**TASK BRIEF**. Write out, from the entries below, exactly the lines that run between the lines holding "Pieski za darmo oddam" and "Tapis type Vetbed Petbed", inclusive, and stop there.

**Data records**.
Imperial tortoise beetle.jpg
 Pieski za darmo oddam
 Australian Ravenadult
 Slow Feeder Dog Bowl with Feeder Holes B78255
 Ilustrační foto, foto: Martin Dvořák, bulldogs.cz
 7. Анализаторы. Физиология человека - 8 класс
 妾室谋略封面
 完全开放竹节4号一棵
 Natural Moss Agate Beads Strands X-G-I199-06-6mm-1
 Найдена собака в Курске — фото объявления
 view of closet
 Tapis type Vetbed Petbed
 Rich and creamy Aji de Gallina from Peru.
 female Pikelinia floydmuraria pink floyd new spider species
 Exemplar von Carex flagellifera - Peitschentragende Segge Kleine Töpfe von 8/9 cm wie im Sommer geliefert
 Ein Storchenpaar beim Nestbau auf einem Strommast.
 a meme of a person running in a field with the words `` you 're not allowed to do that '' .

**YOUR SOLUTION**.
 Pieski za darmo oddam
 Australian Ravenadult
 Slow Feeder Dog Bowl with Feeder Holes B78255
 Ilustrační foto, foto: Martin Dvořák, bulldogs.cz
 7. Анализаторы. Физиология человека - 8 класс
 妾室谋略封面
 完全开放竹节4号一棵
 Natural Moss Agate Beads Strands X-G-I199-06-6mm-1
 Найдена собака в Курске — фото объявления
 view of closet
 Tapis type Vetbed Petbed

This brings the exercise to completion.